Creating an Amazon EMR Cluster

In this tutorial, we will see how you can create a new EMR cluster

1. Login to AWS and go to EMR console

Login your AWS account

Sign in to the AWS Management Console and open the Amazon EMR console at

https://console.aws.amazon.com/elasticmapreduce/

2.Click Create Cluster

The Create Cluster page is divided into below section:

· General Configuration

· Software configuration

· Hardware configuration

· Security and access

General Configuration

In this Configuration section we will configure following setup.

ClusterName:Enter a descriptive name for your cluster.

Logging:This determines whether Amazon EMR captures detailed log data to Amazon S3.

Launch Mode:Cluster

Software Configuration

In the Software Configuration section, we will configure following setup.

Vendor:Amazon

Release:Choose the EMR version as emr-4.5.0

Applications: Choose Spark

Spark: Spark 1.6.1 on Hadoop 2.7.2 YARN with Ganglia 3.7.2

Hardware Configuration

In the Hardware Configuration section, we will configure following setup.
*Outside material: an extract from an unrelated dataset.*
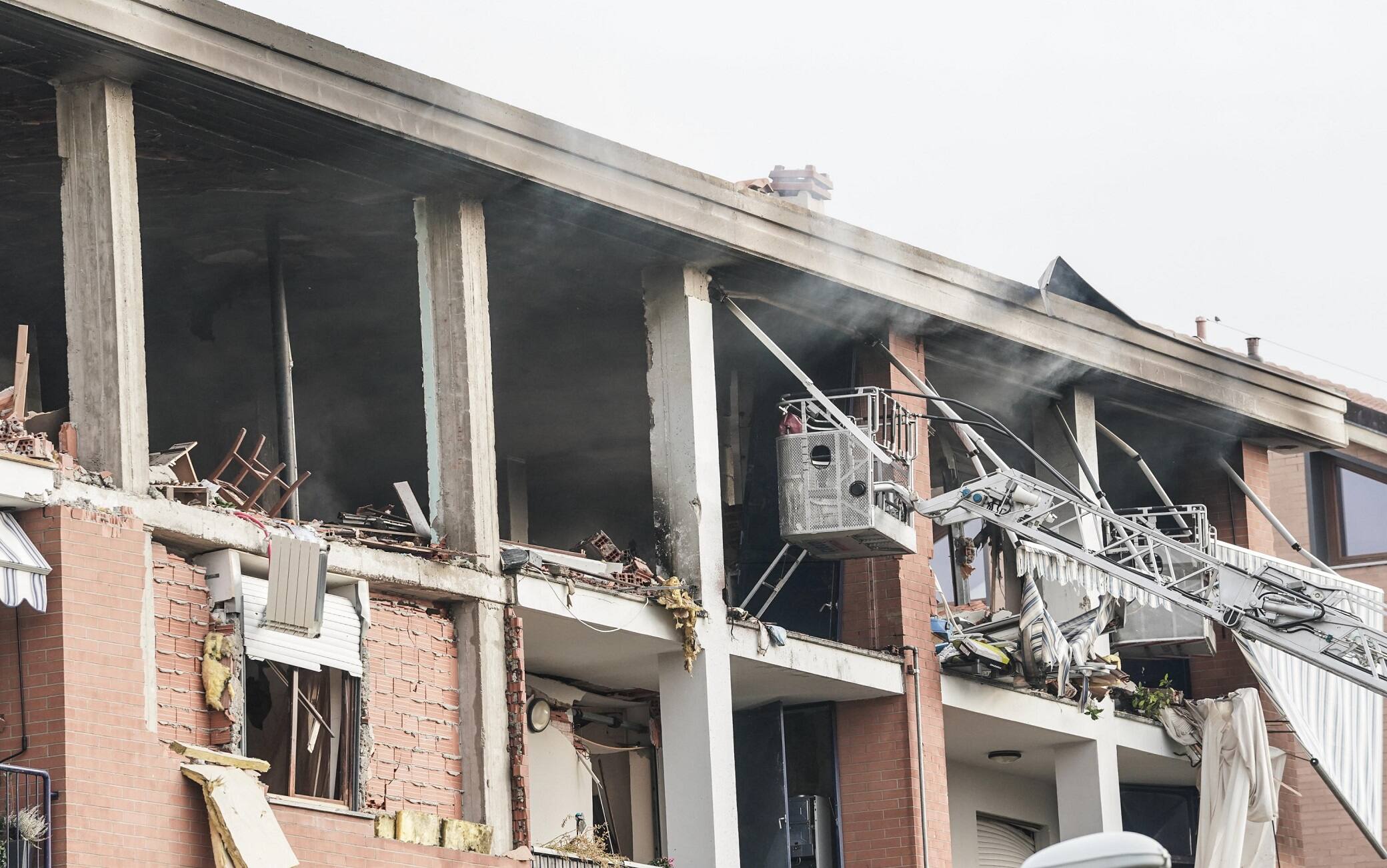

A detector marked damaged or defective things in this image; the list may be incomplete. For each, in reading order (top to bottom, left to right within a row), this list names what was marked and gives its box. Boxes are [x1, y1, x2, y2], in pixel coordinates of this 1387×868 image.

torn awning fabric [0, 507, 49, 607]
broken wooden plank [170, 737, 270, 771]
broken window [247, 660, 360, 799]
broken wooden plank [181, 759, 298, 859]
Instance type:Select your instance type

Number of instances:Select the number of instance for EMR cluster where 1 instance dedicated to master server and remaining instance for core(nodes).

Note:The minimum number of nodes is 3.

Security and Access

EC2 key pair:Choose the key pair for your emr instance access

Permissions : Default :You can choose the default IAM roles.
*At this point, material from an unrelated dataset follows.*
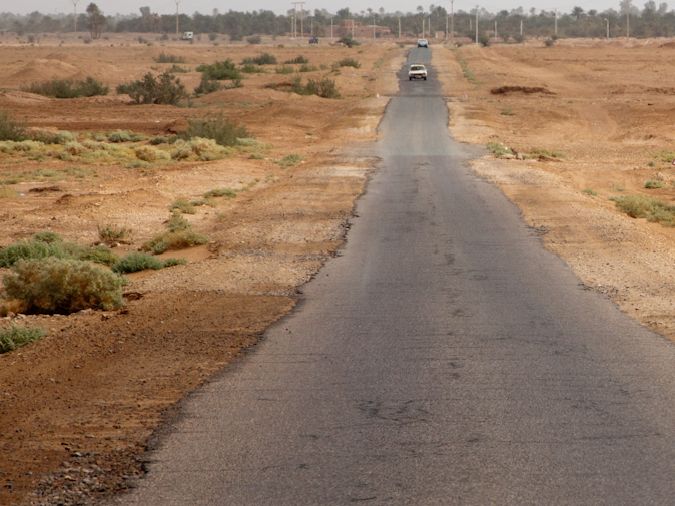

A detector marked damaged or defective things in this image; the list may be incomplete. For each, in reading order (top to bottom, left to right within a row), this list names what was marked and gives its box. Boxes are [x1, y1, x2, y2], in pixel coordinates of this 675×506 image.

cracked asphalt road [113, 48, 672, 506]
Review your configuration and if you are satisfied with the settings, click Create Cluster.

Add HDFS Permission for tomcat:

After the creating cluster add steps execution on created cluster

Goto the created EMR cluster and click Add Steps

Pass following paramters and click add

Step type : Custom Jar

Name : ideata app

JAR location : s3://us-east-1.elasticmapreduce/libs/script-runner/script-runner.jar

Arguments : s3://bda-ideata/tomcat_hdfs_permission.sh

Action on failure : Continue

Verify the step you added has been successfully completed by clicking on steps drop down and checking the status which should be “completed”